Strong management practices across environmental, safety and fleet operations have also seen Ready Mix Concrete staff provide site tours for agency representatives from Lincoln and Omaha, plus peers in ready mixed and precast concrete. The Nebraska Concrete & Aggregates Association has enlisted the producer for presentations on best stormwater management practices and spill prevention measures.

College View Plant visitors and neighbors can quickly note the attention to site aesthetics: green belts between plant and street; paved roads and yard; grass berm, plants, and trees blocking outside views of water pits and aggregate bunkers; greenery-concealed truck parking; and, concrete enclosures for aggregate storage and all material handling and production phases. A decorative block wall frames the south property line in lieu of a much lesser, but more common industrial site element: a chain link fence.
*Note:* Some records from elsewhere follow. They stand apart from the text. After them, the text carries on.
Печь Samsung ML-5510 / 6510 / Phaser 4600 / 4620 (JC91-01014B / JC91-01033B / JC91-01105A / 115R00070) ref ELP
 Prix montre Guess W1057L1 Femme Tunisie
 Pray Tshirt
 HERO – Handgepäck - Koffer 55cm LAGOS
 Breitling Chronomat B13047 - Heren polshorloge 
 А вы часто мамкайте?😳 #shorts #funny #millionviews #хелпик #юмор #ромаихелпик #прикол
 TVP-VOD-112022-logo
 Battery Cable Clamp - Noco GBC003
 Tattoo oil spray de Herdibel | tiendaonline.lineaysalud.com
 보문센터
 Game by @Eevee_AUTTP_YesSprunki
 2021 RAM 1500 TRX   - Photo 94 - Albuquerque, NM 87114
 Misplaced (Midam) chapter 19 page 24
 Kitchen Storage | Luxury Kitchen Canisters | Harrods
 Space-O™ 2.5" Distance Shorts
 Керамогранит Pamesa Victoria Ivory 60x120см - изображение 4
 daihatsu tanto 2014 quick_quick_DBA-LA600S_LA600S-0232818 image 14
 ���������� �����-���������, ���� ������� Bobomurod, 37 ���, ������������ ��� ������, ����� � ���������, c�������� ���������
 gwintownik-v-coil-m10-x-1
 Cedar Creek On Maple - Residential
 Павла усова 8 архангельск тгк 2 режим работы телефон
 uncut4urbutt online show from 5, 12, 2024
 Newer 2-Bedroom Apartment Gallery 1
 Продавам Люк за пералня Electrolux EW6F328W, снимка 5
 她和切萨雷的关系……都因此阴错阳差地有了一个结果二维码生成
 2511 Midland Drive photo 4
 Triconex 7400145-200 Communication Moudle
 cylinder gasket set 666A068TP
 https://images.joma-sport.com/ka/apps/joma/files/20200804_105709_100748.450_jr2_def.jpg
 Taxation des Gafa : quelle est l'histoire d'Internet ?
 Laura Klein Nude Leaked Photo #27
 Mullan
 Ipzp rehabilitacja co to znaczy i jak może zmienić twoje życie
Ready Mix Concrete management tasks a SWPP Team with such duties as dry day test to assess surface drainage; ensuring oversight for transfer of all materials; preventing surface fuel storage and electronically monitoring underground fuel tanks; maintaining sorbent at pump station; monthly plan & permit compliance checks; and, annual facility review with the corporate environmental coordinator. All managers attend monthly safety and environmental meetings. All plant staff members attend an annual review and training session focused on safety & environmental programs. The producer’s environmental coordinator is a Department of Roads-certified Sediment & Erosion Inspector, and holds NRMCA Environmental Professional Certification.

Management of returned concrete, settled solids and slurry water at College View aligns with a state of Nebraska zero waste target for industry. Ready Mix Concrete estimates that in 2014, the College View Plant diverted nearly 10,000 tons of waste concrete and rubble from landfills and did not discharge any treated process water. That benchmark was attained through established, zero waste-minded procedures: Returned concrete is repurposed into bunker or decorative blocks for sale; bottom slurry from settling ponds is dried, screened and sold as fill. Any rubble is crushed and sold as rip-rap, crushed concrete and road rock. Staff recycles all pit wash water in truck wash out or new concrete orders. A BFK reclaimer removes aggregates from wash water, solids from which are captured by a Grabber filter press; dry cakes, in turn, are sent to a crushing and screening station yielding fill material. Surface collector drains in the truck staging area are equipped with Flex-Storm inserts that capture aggregates—preventing drain system entry.